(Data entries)
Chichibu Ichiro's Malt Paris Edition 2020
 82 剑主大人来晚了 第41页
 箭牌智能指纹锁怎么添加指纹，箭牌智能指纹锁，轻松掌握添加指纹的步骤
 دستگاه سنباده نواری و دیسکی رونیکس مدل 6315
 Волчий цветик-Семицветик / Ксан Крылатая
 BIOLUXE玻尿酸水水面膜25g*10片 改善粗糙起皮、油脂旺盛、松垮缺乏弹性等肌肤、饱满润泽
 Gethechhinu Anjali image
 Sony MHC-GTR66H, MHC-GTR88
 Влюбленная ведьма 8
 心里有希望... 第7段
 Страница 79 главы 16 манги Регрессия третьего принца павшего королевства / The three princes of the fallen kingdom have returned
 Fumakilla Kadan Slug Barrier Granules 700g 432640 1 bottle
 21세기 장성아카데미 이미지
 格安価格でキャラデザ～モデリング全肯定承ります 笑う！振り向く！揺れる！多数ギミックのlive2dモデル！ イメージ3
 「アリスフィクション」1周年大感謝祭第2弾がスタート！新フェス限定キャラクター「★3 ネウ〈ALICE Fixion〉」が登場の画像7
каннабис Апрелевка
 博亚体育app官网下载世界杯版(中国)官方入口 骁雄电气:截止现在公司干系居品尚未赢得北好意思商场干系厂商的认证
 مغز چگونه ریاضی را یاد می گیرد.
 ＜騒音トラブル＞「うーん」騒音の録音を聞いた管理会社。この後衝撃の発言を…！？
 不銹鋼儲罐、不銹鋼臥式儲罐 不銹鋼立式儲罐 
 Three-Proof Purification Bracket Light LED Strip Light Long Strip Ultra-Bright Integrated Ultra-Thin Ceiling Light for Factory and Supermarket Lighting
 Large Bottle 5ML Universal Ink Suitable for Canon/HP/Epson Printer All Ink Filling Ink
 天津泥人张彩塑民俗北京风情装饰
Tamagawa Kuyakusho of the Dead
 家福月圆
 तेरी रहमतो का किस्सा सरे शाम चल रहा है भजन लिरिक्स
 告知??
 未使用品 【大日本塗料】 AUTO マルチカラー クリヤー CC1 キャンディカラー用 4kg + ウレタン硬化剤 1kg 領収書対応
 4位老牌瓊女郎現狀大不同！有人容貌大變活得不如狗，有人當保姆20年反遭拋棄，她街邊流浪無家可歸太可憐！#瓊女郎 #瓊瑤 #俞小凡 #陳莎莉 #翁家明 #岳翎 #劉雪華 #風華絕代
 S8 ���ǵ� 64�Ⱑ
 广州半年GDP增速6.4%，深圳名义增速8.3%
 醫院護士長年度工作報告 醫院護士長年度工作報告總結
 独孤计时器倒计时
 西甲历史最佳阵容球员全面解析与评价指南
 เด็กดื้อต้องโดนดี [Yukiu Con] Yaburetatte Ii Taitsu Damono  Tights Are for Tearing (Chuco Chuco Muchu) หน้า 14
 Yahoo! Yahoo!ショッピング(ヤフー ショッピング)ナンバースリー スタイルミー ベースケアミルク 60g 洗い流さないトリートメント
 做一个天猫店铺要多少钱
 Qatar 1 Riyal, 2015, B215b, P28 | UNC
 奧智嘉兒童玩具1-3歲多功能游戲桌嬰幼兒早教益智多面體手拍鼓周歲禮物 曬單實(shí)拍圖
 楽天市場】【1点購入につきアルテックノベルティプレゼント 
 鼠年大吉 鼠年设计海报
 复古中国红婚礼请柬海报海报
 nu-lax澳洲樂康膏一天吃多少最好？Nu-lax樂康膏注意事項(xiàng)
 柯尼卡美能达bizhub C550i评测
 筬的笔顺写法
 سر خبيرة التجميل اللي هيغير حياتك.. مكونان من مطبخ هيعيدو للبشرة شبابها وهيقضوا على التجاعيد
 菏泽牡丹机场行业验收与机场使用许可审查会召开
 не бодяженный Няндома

■ Task to carry out:
The entries are to be repeated exactly, with nothing altered.

■ Response:
Chichibu Ichiro's Malt Paris Edition 2020
 82 剑主大人来晚了 第41页
 箭牌智能指纹锁怎么添加指纹，箭牌智能指纹锁，轻松掌握添加指纹的步骤
 دستگاه سنباده نواری و دیسکی رونیکس مدل 6315
 Волчий цветик-Семицветик / Ксан Крылатая
 BIOLUXE玻尿酸水水面膜25g*10片 改善粗糙起皮、油脂旺盛、松垮缺乏弹性等肌肤、饱满润泽
 Gethechhinu Anjali image
 Sony MHC-GTR66H, MHC-GTR88
 Влюбленная ведьма 8
 心里有希望... 第7段
 Страница 79 главы 16 манги Регрессия третьего принца павшего королевства / The three princes of the fallen kingdom have returned
 Fumakilla Kadan Slug Barrier Granules 700g 432640 1 bottle
 21세기 장성아카데미 이미지
 格安価格でキャラデザ～モデリング全肯定承ります 笑う！振り向く！揺れる！多数ギミックのlive2dモデル！ イメージ3
 「アリスフィクション」1周年大感謝祭第2弾がスタート！新フェス限定キャラクター「★3 ネウ〈ALICE Fixion〉」が登場の画像7
каннабис Апрелевка
 博亚体育app官网下载世界杯版(中国)官方入口 骁雄电气:截止现在公司干系居品尚未赢得北好意思商场干系厂商的认证
 مغز چگونه ریاضی را یاد می گیرد.
 ＜騒音トラブル＞「うーん」騒音の録音を聞いた管理会社。この後衝撃の発言を…！？
 不銹鋼儲罐、不銹鋼臥式儲罐 不銹鋼立式儲罐 
 Three-Proof Purification Bracket Light LED Strip Light Long Strip Ultra-Bright Integrated Ultra-Thin Ceiling Light for Factory and Supermarket Lighting
 Large Bottle 5ML Universal Ink Suitable for Canon/HP/Epson Printer All Ink Filling Ink
 天津泥人张彩塑民俗北京风情装饰
Tamagawa Kuyakusho of the Dead
 家福月圆
 तेरी रहमतो का किस्सा सरे शाम चल रहा है भजन लिरिक्स
 告知??
 未使用品 【大日本塗料】 AUTO マルチカラー クリヤー CC1 キャンディカラー用 4kg + ウレタン硬化剤 1kg 領収書対応
 4位老牌瓊女郎現狀大不同！有人容貌大變活得不如狗，有人當保姆20年反遭拋棄，她街邊流浪無家可歸太可憐！#瓊女郎 #瓊瑤 #俞小凡 #陳莎莉 #翁家明 #岳翎 #劉雪華 #風華絕代
 S8 ���ǵ� 64�Ⱑ
 广州半年GDP增速6.4%，深圳名义增速8.3%
 醫院護士長年度工作報告 醫院護士長年度工作報告總結
 独孤计时器倒计时
 西甲历史最佳阵容球员全面解析与评价指南
 เด็กดื้อต้องโดนดี [Yukiu Con] Yaburetatte Ii Taitsu Damono  Tights Are for Tearing (Chuco Chuco Muchu) หน้า 14
 Yahoo! Yahoo!ショッピング(ヤフー ショッピング)ナンバースリー スタイルミー ベースケアミルク 60g 洗い流さないトリートメント
 做一个天猫店铺要多少钱
 Qatar 1 Riyal, 2015, B215b, P28 | UNC
 奧智嘉兒童玩具1-3歲多功能游戲桌嬰幼兒早教益智多面體手拍鼓周歲禮物 曬單實(shí)拍圖
 楽天市場】【1点購入につきアルテックノベルティプレゼント 
 鼠年大吉 鼠年设计海报
 复古中国红婚礼请柬海报海报
 nu-lax澳洲樂康膏一天吃多少最好？Nu-lax樂康膏注意事項(xiàng)
 柯尼卡美能达bizhub C550i评测
 筬的笔顺写法
 سر خبيرة التجميل اللي هيغير حياتك.. مكونان من مطبخ هيعيدو للبشرة شبابها وهيقضوا على التجاعيد
 菏泽牡丹机场行业验收与机场使用许可审查会召开
 не бодяженный Няндома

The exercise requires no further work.